Analysts are also optimistic about EcoWorld’s recent data-center-related land sales. CGS International Research highlighted that EcoWorld has monetized land sales to data center operators, totaling RM1.6 billion over the past year. The research firm expects these transactions to impact earnings starting in the 2026 financial year.

MIDF Research viewed EcoWorld’s deal positively, noting that it would enhance the company’s recurring income while improving its balance sheet by reducing gearing. “Post-sale, net gearing is expected to decline from 0.19 to 0.13 times,” the firm stated.

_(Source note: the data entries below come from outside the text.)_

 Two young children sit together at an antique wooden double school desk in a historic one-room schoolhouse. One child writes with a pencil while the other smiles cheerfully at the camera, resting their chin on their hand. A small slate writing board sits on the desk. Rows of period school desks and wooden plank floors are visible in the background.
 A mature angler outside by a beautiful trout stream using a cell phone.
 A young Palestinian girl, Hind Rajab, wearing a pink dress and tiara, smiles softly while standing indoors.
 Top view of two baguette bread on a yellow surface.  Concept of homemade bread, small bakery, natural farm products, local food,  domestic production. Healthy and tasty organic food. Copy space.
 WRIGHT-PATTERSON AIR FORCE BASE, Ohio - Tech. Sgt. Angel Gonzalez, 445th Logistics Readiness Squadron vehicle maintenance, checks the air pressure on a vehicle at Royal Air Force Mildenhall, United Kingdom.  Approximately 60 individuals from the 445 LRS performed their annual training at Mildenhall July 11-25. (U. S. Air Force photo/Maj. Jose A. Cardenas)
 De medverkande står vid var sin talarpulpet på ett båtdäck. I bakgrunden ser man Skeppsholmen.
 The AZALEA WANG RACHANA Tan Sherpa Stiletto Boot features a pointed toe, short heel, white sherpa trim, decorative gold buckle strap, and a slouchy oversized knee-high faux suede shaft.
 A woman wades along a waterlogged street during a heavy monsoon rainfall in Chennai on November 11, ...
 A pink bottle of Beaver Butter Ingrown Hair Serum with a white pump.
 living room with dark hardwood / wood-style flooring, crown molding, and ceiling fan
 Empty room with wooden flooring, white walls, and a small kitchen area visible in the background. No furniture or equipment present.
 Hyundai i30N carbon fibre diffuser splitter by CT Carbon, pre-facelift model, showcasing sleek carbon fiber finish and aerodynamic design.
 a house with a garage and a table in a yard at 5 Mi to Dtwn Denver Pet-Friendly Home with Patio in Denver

Meanwhile, Hektar-REIT’s recent industrial acquisition in Penang was also met with favorable reactions. Hong Leong Investment Bank Research indicated that the purchase would yield a 7.5% return, higher than Hektar-REIT’s projected net property income yield of 5.5% to 6% for FY25-FY26. “This acquisition fits well with Hektar-REIT’s strategy of diversifying its portfolio,” the firm noted.

In Johor, the Johor-Singapore Special Economic Zone (JS-SEZ) is expected to drive significant demand for industrial properties. TA Research forecasts that the enhanced infrastructure and cross-border connectivity will make Johor a hotspot for industrial and residential development. The research firm identified developers with strong track records in integrated townships as prime beneficiaries of this growth.

Despite challenges such as the US’s potential restrictions on AI chip exports, the demand for data centers in Malaysia remains robust. According to TA Research, global tech players continue to seek data center space in the region, attracted by cost advantages and strong infrastructure.

This demand has placed Malaysia among the top locations for industrial and logistics spaces in Southeast Asia. Knight Frank’s Asia-Pacific Logistics report for H2 2024 revealed that the Greater Kuala Lumpur area led Southeast Asia in warehouse and manufacturing facility rental growth, surpassing other regional metropolises with a 5% increase in half-yearly rental rates.

Allan Sim, Senior Executive Director at Knight Frank Malaysia, highlighted the continued stability of the industrial market in Greater Kuala Lumpur, driven by foreign manufacturers’ growing demand for industrial facilities. As Malaysia positions itself as a regional industrial powerhouse, the sector’s outlook remains positive, fueled by infrastructure enhancements and strategic investments in high-tech and logistics capabilities.